Stephen L. Ross (c. 1815 – January 4, 1891) was an American farmer and enslaver from Jacks Creek, Tennessee, who served two terms in the Tennessee State Senate and (very briefly) in the Tennessee House of Representatives.

== Background ==
Ross was born in Tennessee about 1815, the son of one Hugh Ross, later to be an early settler in Jacks Creek; his exact date and place of birth, and the nature and extent of his education are not known. He became a farmer by profession.

== Public office ==
Ross served as a Democratic member of the Senate during the 1857-58 session for the district including Henderson, Benton, Decatur, Humphreys, and Perry counties. He was elected once more to represent a district (the 18th) which no longer included Humphreys or Perry counties, but now did include Hardin, and McNairy counties. for the 1877-78 session. He was elected to the House for the 41st General Assembly in 1878 to represent Henderson County; while he took his place at January 1, 1879 opening of the session, he was granted an indefinite leave of absence because of illness on January 9. He resigned, and his successor Lafayette McHaney was elected and installed in office by March 6, 1879.

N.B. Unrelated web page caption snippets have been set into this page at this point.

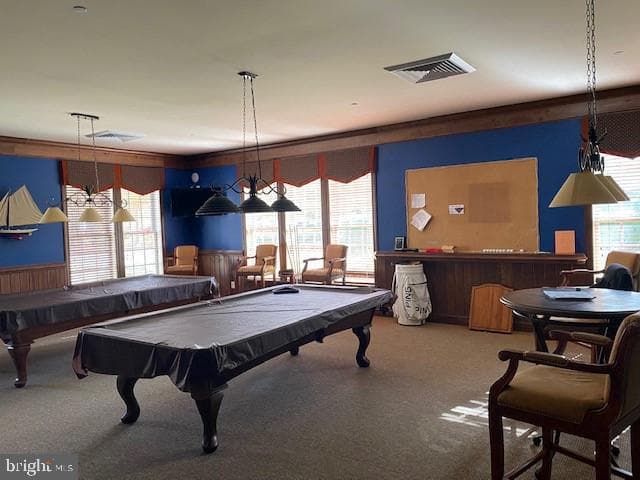 7432 Karen Avenue photo 58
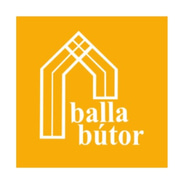 Balla Bútor kedvezménykódok és kuponkódok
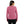 Load image into Gallery viewer, Carhartt 106632 Women&#39;s Force Sun Defender Lightweight Long-Sleeve Graphic T-Shirt
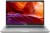 Asus D509DA-BR211T Laptop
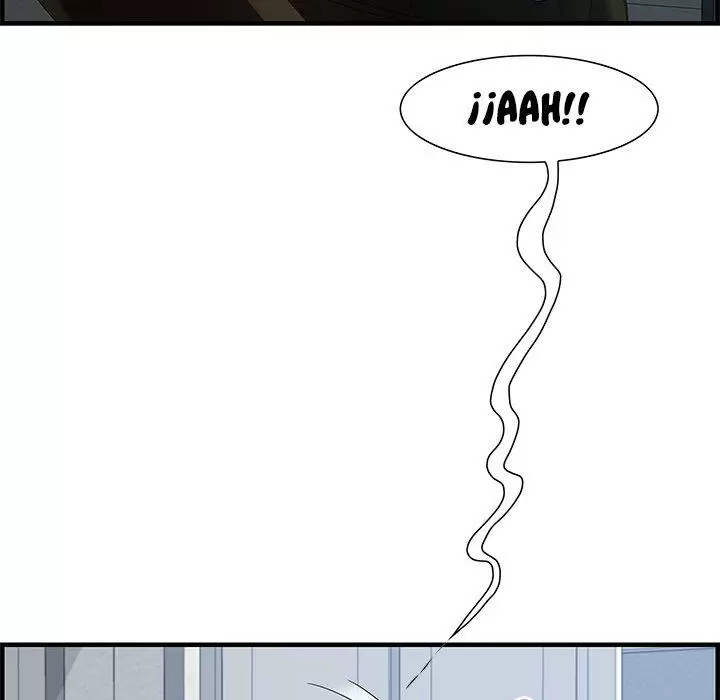 Tasty Chat 0km Capítulo 26 - Page 22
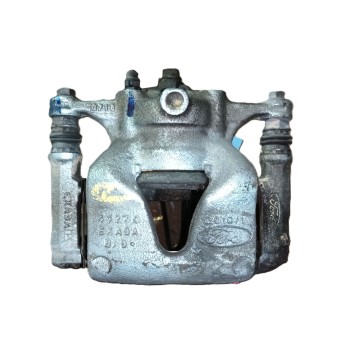 PINZA FRENO DELANTERA DERECHA 1893878 4427C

According to his 1891 obituary, he introduced the bill in the legislature which created Chester County, Tennessee, of which his home town would become a part when it was created in 1882.

== Personal life ==
Ross married a woman from Virginia named Eliza. Their oldest child, a daughter named Neden, was born around 1846; they would have four more children: John, Margaret, Hugh, and Alice. His place of burial is unknown. He died January 4, 1891, at his home.